🤖 AI Summary
Existing evaluation metrics for generative spatial audio lack systematic investigation into their response characteristics under variations in spatial parameters such as azimuth and elevation. This work proposes the first sensitivity analysis framework that evaluates multiple metrics along continuous spatial trajectories, introducing three key criteria: responsiveness, smoothness, and symmetry. The framework is empirically applied to metrics including Fréchet Audio Distance (FAD), intensity vectors, and acoustic maps within controlled scenes of varying complexity. Results demonstrate that FAD based on directional embeddings and acoustic maps consistently excel across all three criteria, whereas intensity vectors exhibit significant performance degradation as scene complexity increases. These findings reveal substantial differences in the sensitivity of existing metrics to spatial variations, offering critical insights for the design and selection of evaluation methods in spatial audio generation.
📝 Abstract
Evaluating generative spatial audio for First-Order Ambisonics (FOA) remains challenging due to a limited understanding of how metrics respond to changes in spatial parameters such as azimuth and elevation.
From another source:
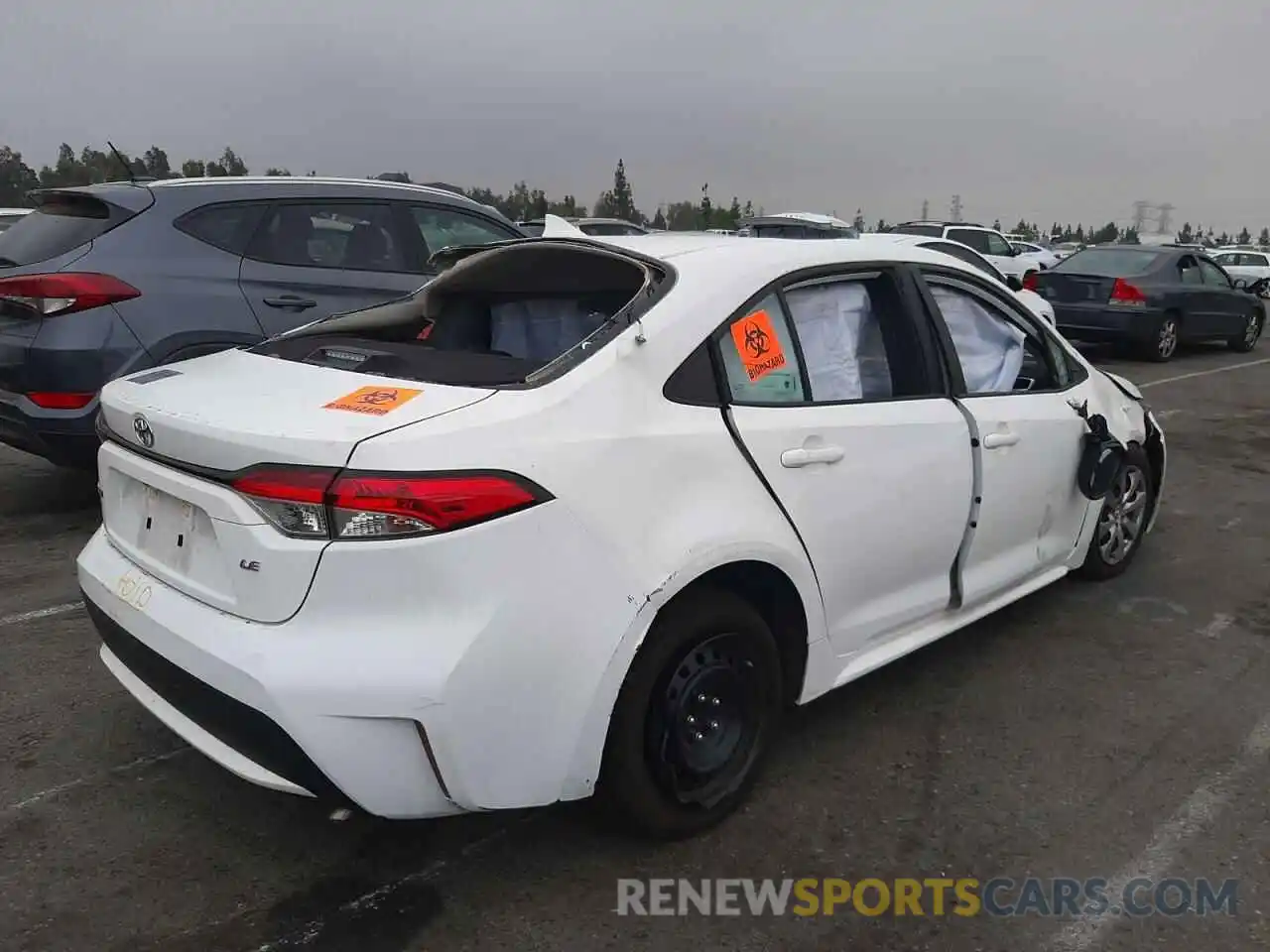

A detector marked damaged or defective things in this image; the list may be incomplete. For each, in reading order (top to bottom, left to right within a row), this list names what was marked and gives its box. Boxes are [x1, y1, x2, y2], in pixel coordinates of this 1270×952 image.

broken rear window [250, 243, 675, 388]
deployed airbag [782, 283, 894, 404]
deployed airbag [935, 289, 1031, 396]
damaged white car [76, 230, 1163, 842]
We propose a framework to analyze metric sensitivity along continuous spatial trajectories, drawing on principles of sensitivity analysis in parametric sound synthesis. Using controlled FOA scenes with increasing scene complexity, we define three desiderata for metric behavior: Responsiveness, Smoothness, and Symmetry. We assess standard distribution-based and sample-based metrics, including Fréchet Audio Distance (FAD), intensity vectors, and acoustic maps. Our findings show that FAD using localization-specific embeddings and acoustic maps yield high Responsiveness and robust Smoothness and Symmetry across conditions, while intensity vectors degrade with increasing scene complexity. This is the first step towards investigating the sensitivity of metrics for generative spatial audio.